/---

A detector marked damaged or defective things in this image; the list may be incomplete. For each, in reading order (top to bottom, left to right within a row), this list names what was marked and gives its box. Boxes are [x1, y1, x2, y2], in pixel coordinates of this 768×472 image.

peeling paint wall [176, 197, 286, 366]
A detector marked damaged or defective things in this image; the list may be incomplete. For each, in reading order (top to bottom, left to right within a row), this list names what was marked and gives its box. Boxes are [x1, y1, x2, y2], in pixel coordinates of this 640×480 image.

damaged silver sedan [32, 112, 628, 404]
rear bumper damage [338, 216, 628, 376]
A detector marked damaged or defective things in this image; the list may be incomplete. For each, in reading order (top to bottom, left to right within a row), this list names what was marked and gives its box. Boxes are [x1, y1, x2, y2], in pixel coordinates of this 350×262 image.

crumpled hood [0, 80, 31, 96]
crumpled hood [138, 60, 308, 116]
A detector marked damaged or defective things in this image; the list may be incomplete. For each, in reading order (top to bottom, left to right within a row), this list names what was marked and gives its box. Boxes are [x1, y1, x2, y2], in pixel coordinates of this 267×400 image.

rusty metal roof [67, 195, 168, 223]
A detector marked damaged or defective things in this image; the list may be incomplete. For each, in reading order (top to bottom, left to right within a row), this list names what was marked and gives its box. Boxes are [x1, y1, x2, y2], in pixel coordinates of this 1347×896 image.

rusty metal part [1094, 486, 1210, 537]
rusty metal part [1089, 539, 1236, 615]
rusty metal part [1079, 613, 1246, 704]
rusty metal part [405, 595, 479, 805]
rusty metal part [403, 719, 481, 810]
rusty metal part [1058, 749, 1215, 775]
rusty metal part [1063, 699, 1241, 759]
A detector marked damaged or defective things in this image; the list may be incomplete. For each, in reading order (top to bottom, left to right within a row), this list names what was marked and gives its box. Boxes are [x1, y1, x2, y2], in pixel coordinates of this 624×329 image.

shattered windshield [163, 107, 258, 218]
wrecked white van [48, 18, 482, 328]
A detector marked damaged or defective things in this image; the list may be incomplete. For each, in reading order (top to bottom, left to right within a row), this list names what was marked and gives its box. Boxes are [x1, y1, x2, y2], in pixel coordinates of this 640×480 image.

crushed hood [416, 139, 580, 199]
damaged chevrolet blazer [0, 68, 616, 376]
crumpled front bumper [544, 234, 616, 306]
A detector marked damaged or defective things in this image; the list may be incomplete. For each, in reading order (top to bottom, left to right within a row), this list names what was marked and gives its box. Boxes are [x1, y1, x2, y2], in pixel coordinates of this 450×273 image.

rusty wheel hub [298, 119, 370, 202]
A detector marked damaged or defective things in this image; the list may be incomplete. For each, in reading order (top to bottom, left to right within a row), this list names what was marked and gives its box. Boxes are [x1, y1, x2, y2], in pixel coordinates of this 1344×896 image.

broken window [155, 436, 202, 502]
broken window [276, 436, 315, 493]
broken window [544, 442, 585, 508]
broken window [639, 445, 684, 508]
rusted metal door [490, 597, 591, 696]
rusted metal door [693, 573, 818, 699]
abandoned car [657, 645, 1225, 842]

\---

- Work instruction -
Start at the line with "this 624×329 image." and stop at the end of the records. Write those lines out exactly and add nothing.

- Response box -
A detector marked damaged or defective things in this image; the list may be incomplete. For each, in reading order (top to bottom, left to right within a row), this list names what was marked and gives its box. Boxes are [x1, y1, x2, y2], in pixel coordinates of this 624×329 image.

shattered windshield [163, 107, 258, 218]
wrecked white van [48, 18, 482, 328]
A detector marked damaged or defective things in this image; the list may be incomplete. For each, in reading order (top to bottom, left to right within a row), this list names what was marked and gives its box. Boxes are [x1, y1, x2, y2], in pixel coordinates of this 640×480 image.

crushed hood [416, 139, 580, 199]
damaged chevrolet blazer [0, 68, 616, 376]
crumpled front bumper [544, 234, 616, 306]
A detector marked damaged or defective things in this image; the list may be incomplete. For each, in reading order (top to bottom, left to right within a row), this list names what was marked and gives its box. Boxes are [x1, y1, x2, y2], in pixel coordinates of this 450×273 image.

rusty wheel hub [298, 119, 370, 202]
A detector marked damaged or defective things in this image; the list may be incomplete. For each, in reading order (top to bottom, left to right within a row), this list names what was marked and gives its box. Boxes are [x1, y1, x2, y2], in pixel coordinates of this 1344×896 image.

broken window [155, 436, 202, 502]
broken window [276, 436, 315, 493]
broken window [544, 442, 585, 508]
broken window [639, 445, 684, 508]
rusted metal door [490, 597, 591, 696]
rusted metal door [693, 573, 818, 699]
abandoned car [657, 645, 1225, 842]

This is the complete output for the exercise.